V= ${a^3}$ …………………………………………..equation 4
We know that,
Density of unit cell = $\dfrac{{mass{\text{ }}of{\text{ }}unit{\text{ }}cell}}{{volume{\text{ }}of{\text{ }}unit{\text{ }}cell}}$ $\dfrac{{mass{\text{ }}of{\text{ }}unit{\text{ }}cell}}{{volume{\text{ }}of{\text{ }}unit{\text{ }}cell}}$ ………………equation 5
On substituting equation 2 and 4 in equation 5 , we arrived at equation 1. This is very important to remember.
According to the question first let’s note down the given values
Given: since it is mentioned it is FCC which is face centered cubic unit cell. One fcc unit cell consists of four atoms therefore, Z= 4.
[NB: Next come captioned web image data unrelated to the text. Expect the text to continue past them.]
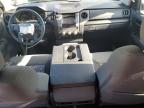 2019 Toyota Tundra Double Cab Sr for Sale in Byron, GA - Front End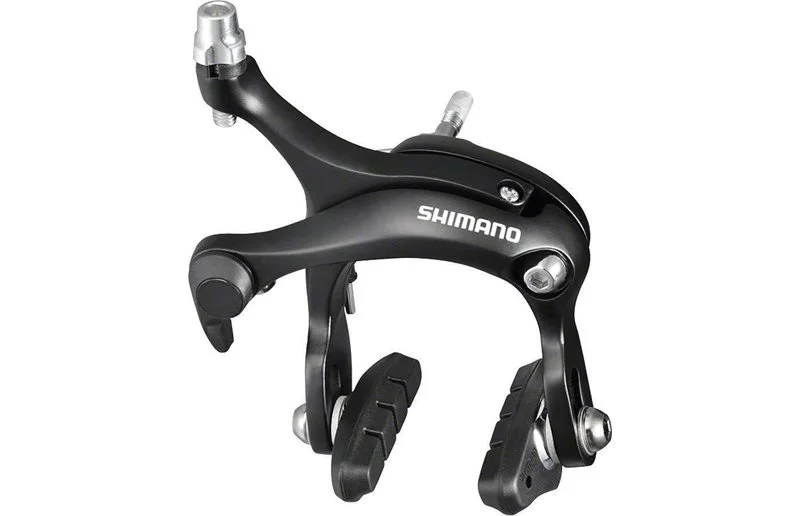 Shimano Felgbremse Lvg Bakre Tiagra R451 v:2823003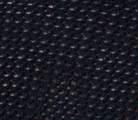 swatch_Navy sanctuary soleil open knit sweater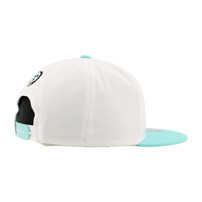 Nashville Predators Zephyr Eazytiff Hat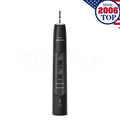 Philips Sonicare ExpertClean 7300 Electric Toothbrush Handle HX960K HX9610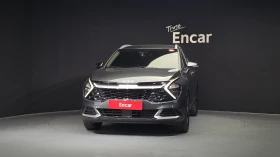 Kia Sportage DIESEL 2.0L PRESTIGE| КОЖА| ОБДУХ|  - 17700 € / 34618.19 лв. - 43155078 2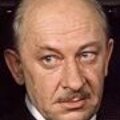 Евгений Евстигнеев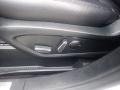Ceramic Pearl Metallic - Nautilus Standard AWD Photo No. 21
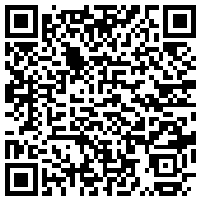 QR Code for bitcoin:bitcoin:bitcoin:bitcoin:bitcoin:bitcoin:bitcoin:dash:XoxPFYB53knpAXAXvikSL9npHY2PtdXzMh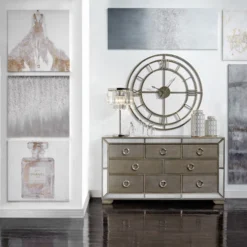 Belle Ame -LOVESE Furniture Shop webimage 750262289a rv1 jpg 2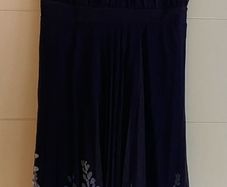 The Kew Collection by Next Dress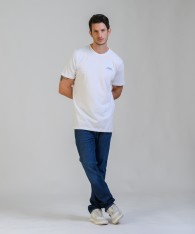 Remera Print 10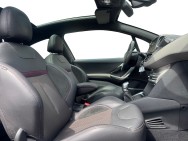 PEUGEOT d'occasion 208 1.6 e-HDi FAP XY 4cv 3p de 2014 Orgeval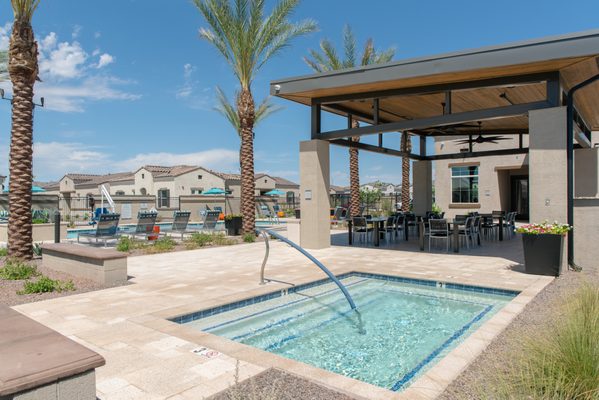 AVILLA GRAND - Updated June 2026 - 11755 W Thompson Ranch Rd, El Mirage ...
a = 200pm = $2 \times {10^{ - 8}}$ cm
By using equation 3 , we have to find the molar mass
$\Rightarrow M = \dfrac{{300}}{{24 \times {{10}^{23}}}} \times 6.022 \times {10^{23}}$
$= 75.275$ g/mol
We know that, ${N_A}$ = $6.022 \times {10^{23}}$
Substituting the value of Z, M, ${N_A}$ and a in equation 1
$\Rightarrow d = \dfrac{{zM}}{{{a^3}{N_A}}}$
$\Rightarrow d = \dfrac{{4 \times 75.275}}{{{{(2 \times {{10}^{ - 8}})}^3} \times 6.022 \times {{10}^{23}}}}$
$\Rightarrow d = 62.5g/c{m^3}$

Thus, the density of the unit cell is $62.5g/c{m^3}$

Note: Always remember the unit of all the quantities:
d = $g/c{m^3}$
M = g/mol
${a^3}$ = $c{m^3}$
The value of a mostly will be given in terms of pm (Picometer) , so we have to make sure we first convert it to centimeter and proceed with the calculation.